She held it in for four slow beats, and exhaled as she turned. Her mask was firmly
back in place.
    ‘Rene, you are not the victim. Emily is the one who has been deceived.’
    ‘You can’t turn this back on me,’ I said.
    ‘I fully acknowledge my part in this.’
    Her part. The smaller part. That was what she meant.
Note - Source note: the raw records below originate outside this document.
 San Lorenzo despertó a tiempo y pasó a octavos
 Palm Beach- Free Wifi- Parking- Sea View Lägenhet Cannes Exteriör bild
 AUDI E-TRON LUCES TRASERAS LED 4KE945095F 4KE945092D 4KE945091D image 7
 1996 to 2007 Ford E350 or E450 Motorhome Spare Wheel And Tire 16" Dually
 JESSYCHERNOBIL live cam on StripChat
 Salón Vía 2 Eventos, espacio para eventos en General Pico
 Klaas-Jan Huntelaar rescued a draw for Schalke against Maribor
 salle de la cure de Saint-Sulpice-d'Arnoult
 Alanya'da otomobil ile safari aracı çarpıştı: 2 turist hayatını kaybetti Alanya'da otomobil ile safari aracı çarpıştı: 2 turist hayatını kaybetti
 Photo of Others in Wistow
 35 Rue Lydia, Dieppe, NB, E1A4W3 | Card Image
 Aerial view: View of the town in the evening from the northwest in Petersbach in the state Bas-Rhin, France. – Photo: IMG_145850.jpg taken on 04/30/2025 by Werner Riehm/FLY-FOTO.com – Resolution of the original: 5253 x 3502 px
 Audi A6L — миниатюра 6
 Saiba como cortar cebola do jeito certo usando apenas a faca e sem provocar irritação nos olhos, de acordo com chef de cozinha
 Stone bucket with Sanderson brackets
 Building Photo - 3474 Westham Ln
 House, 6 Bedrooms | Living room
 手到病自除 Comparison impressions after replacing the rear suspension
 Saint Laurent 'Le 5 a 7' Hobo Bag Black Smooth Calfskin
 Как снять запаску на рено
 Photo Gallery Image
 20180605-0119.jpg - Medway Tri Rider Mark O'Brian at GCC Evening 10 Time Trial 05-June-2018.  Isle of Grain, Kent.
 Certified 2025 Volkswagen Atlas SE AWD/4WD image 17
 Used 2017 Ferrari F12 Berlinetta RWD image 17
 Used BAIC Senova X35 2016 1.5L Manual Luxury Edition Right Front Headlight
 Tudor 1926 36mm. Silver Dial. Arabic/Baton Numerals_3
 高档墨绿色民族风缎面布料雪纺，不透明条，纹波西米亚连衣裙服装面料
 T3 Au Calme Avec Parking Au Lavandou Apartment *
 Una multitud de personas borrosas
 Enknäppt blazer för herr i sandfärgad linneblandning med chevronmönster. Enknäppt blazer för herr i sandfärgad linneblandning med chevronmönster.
She put her glasses back on,
but she didn’t sit.
    ‘The bigger picture is unaffected. The time constraints are the same. The options
are the same. My assessment of you will be based upon the same evidence. There is
good cause to unpack this, for recrimination and reparation, but not good time. The
thing that has changed is Emily. You need to talk to Emily. I can come with you,
if you like.’
    ‘You bet you’re fucking coming with me.’

11
    The corridor refused to make sense. The walls wobbled, the floor swayed. Strangers
smiled at me, their heads too big for their bodies. All I could think of was Emily,
sitting in a room, surrounded by strangers, certain I was as good as dead. Going
over and over her last moments with me. The picnic, the jokes, the last time we kissed.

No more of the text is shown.